Ostentatious Hinduism

While visiting Goa for a couple of days, I went to Old Goa and a few of its numerous church and museums. The most memorable for me was the church of St. Francis of Assisi, because that was the very first church that I had visited in my lifetime so far.

What immediately struck me was the simplicity and the serenity of the church. There was no priest to chant hymns, nobody to ask me to remove my shoes, no bells to be struck and rung, no songs to be sung, and in fact, there was nothing at all. People just came in, sat down, prayed for a while, then got up and went away. Nobody said anything out loud. It was rather the enormity and the beauty of the whole church that was so overwhelming, that it automatically conveyed a sense of superiority of God.

There was a stained glass frame of Jesus on the crucifix, which looked so real and sad that I got absorbed in His sorrow and grief and pain, to very easily and effortlessly forget my own. There were the beautiful paintings on the walls all along - a remake of the Last Supper was one of them, which reminded me of the treachery of Judas, and again eased the pain in my heart on my own condition. The high roof, forming a dome so high over my head, only made me feel ever so small and insignificant that my problems became increasingly smaller, all on their own.

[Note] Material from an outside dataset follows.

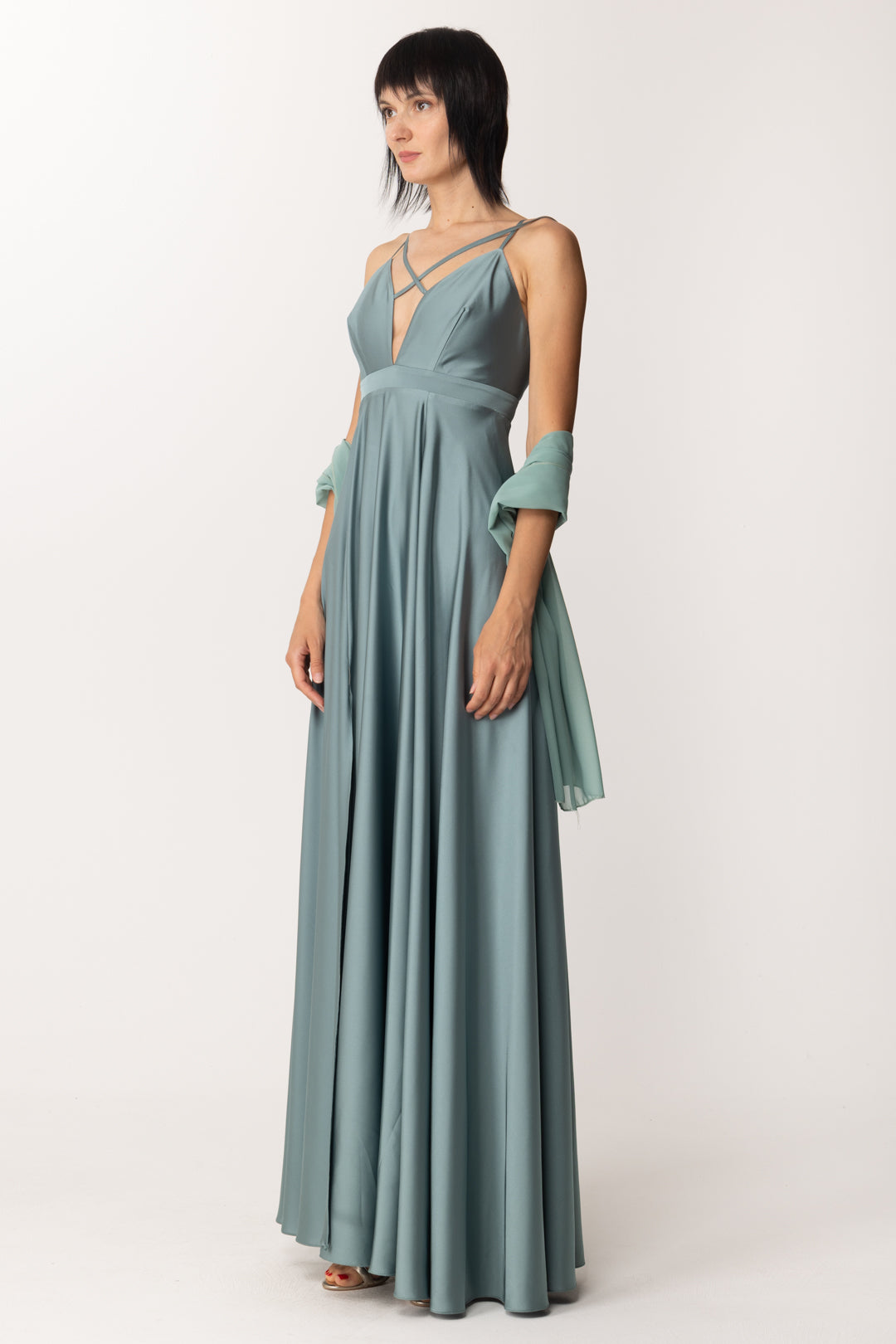 Fabiana Ferri Abito Lungo con Spacchi Frontali 30633 SALVIA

I came out from the church feeling refreshed and ready to face the world, and this had happened without my saying a single word or listening to a single thing, or doing a single action. It was so simple, and yet so great.

I could not help comparing this with our very own temples and ways of worship. Putting up loud speakers outside our homes to tell the whole world that we are praying to God, and making sure that God is able to hear our prayers. Visiting temples by walking barefooted for miles together. Ringing bells again and again. Chanting hymns and doing just about every single act that makes everything look so artificial and so superficial and so forced.

Of course, there is nothing wrong in this. It is just a matter of how conventions have developed and traditions have evolved. However, what is to be questioned is the lack of reasoning in the people who worship in this manner, and blindly follow the ways from the days of yore without thinking for the reason at all. It is these very people who do not make use of the most sacred thing that humans have been bestowed with - their brains - and who are to be blamed for everything that is not right in this world today.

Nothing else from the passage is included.